Picture prehistoric times, a world that began over two million years ago. During this era, Homo erectus, an advanced species of primates, started to develop elementary forms of communication with sounds, grunts, gestures, and facial expressions. While there’s no direct evidence that Homo erectus had a language as we understand it today, it’s plausible they used distinct sounds and perhaps gestures to convey basic needs, dangers, and daily situations – behaviors we see in many animal species. As our ancestors’ brains evolved, their communication richness likely did too. With the emergence of Homo sapiens around 300,000 years ago, this complexity reached a new level.
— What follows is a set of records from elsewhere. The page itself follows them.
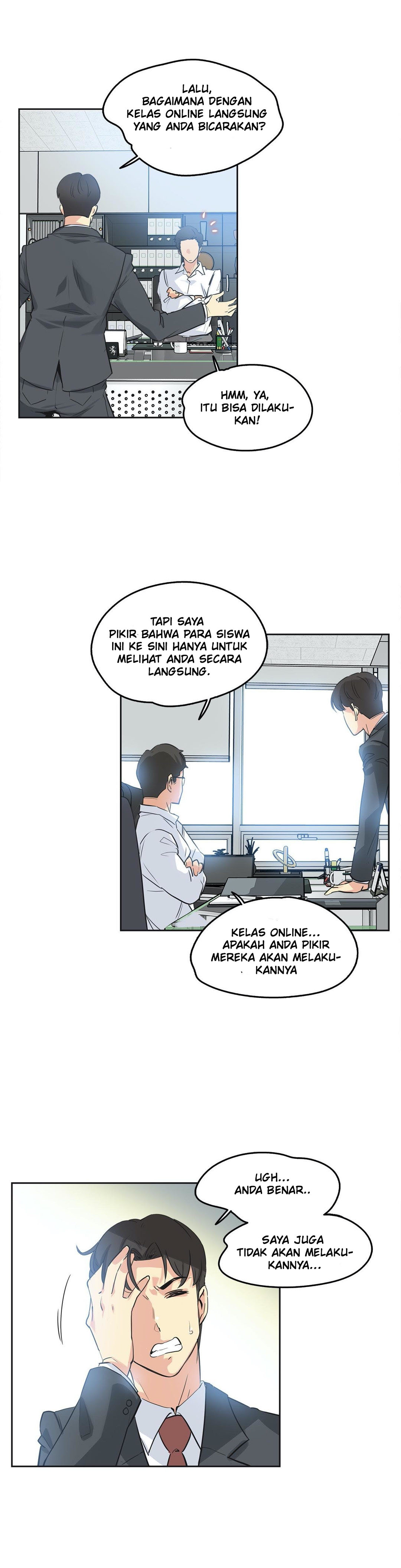 image-komik-daddys-wild-oats-chapter-47-8/29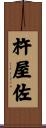 杵屋佐 Scroll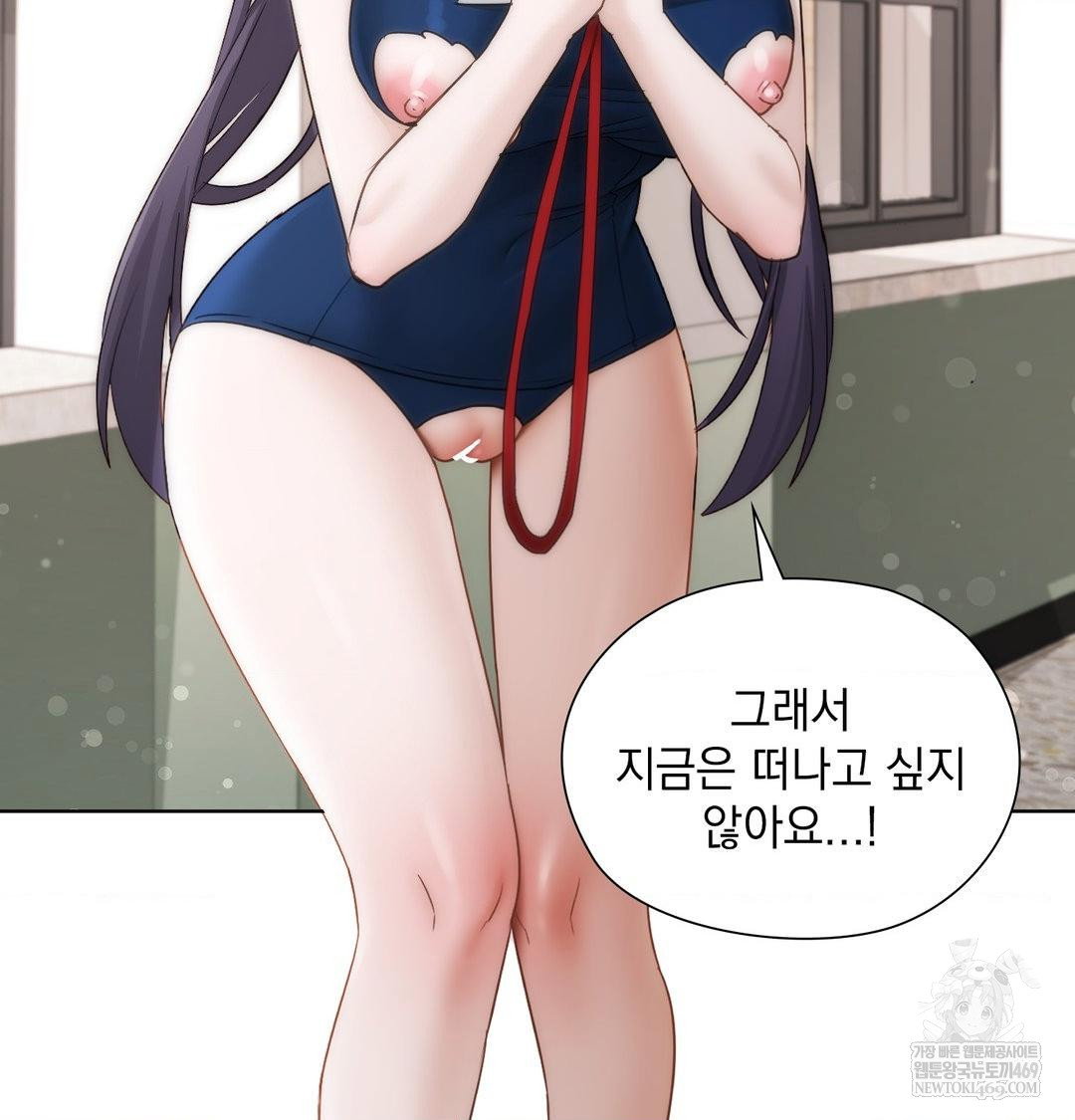 she-recommends-a-harem-raw-chap-39-50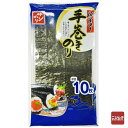 サン海苔 佐賀のり 手巻きのり 2切10枚 焼のり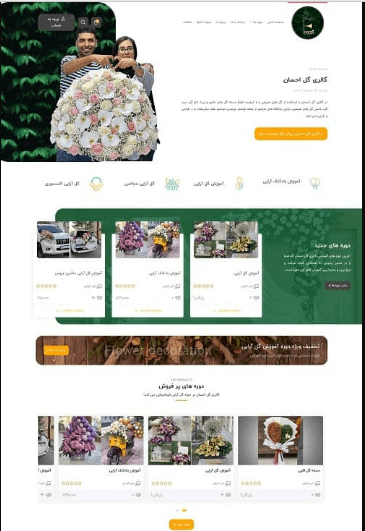 طراحی سایت آموزشگاه گل آرایی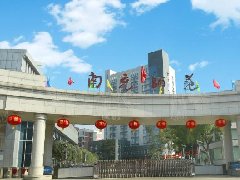 四川南充师范学校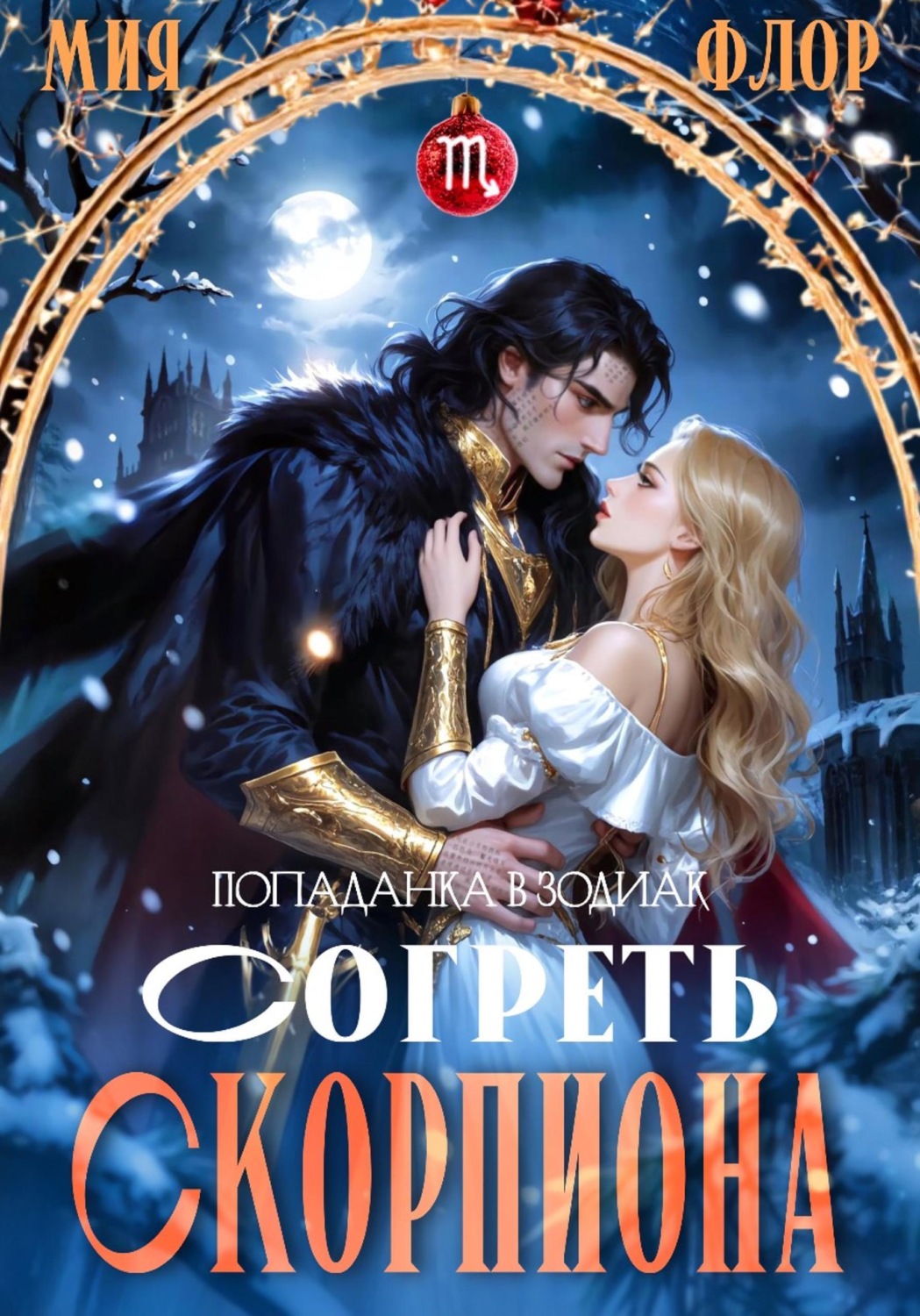 Обложка книги «Согреть скорпиона»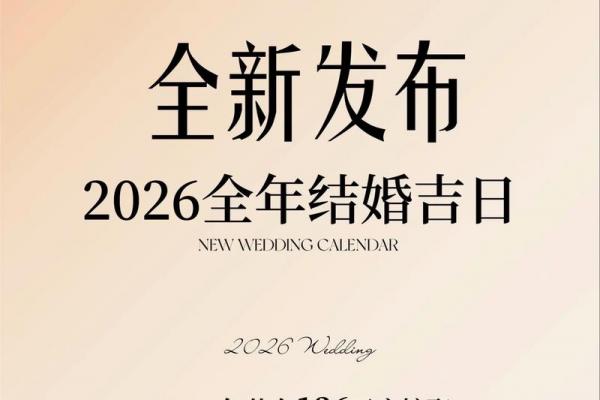 2026年5月嫁娶吉日查询，黄道吉日推荐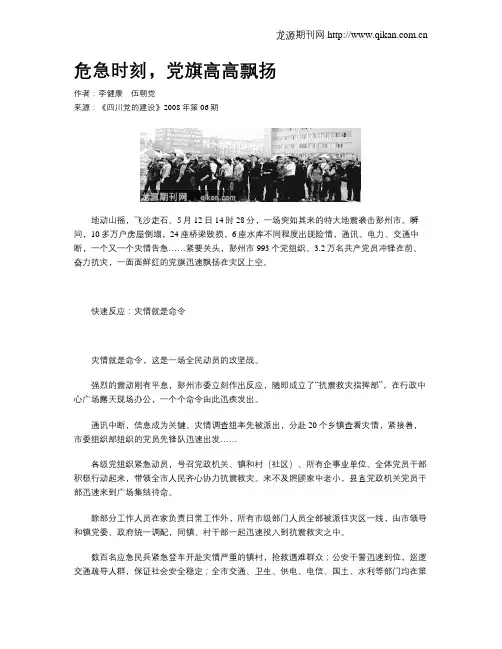 危急时刻,党旗高高飘扬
Modern humans have a larynx and vocal apparatus capable of producing a wide range of sounds, which, coupled with cerebral development, made the emergence of more structured and complex languages possible. Initially, these would be rudimentary, somewhat akin to how tourists rely on basic gestures and sounds when unfamiliar with the local language.

But let’s address the question of when the sounds of primitive language began to differentiate into distinct languages. No doubt, this was a very complex process that took place over thousands of years, influenced by social, geographic, cultural, and evolutionary factors. Let’s analyze these factors that built the original Tower of Babel…

Geographic Isolation

One of the most significant factors in linguistic divergence is geographic isolation. When groups of speakers are physically separated by barriers like rivers, seas, or mountains, their languages tend to evolve independently. The lack of contact for centuries, even millennia, meant that each group developed its own language, which in the end became unintelligible to other distant communities. For instance, the Icelandic language is due to the geographic isolation of Iceland, a large island colonized in the Middle Ages by the Vikings. Today, Icelanders can still read texts written over a thousand years ago in Old Norse with relative ease, unlike other Scandinavian languages, which have changed more due to external influences.

Cultural Influence and Contact with Other Groups

On the other hand, contact with other groups of speakers through trade, migration, or conquest can introduce new words, sounds, and grammatical structures into a language. These influences can cause a language to evolve differently from its sibling languages. English, for example, has adopted words from many languages due to its contact with other peoples. We have words like “bungalow” from Hindi, “sofa” from Arabic, and “ballet” from French. Spanish imported from Kichwa, the language of the Incas, words as “pampa”, “potato”. From the Mexican Nahuatl, words such as tomate o chocolate. Yes, you find them in most European languages too.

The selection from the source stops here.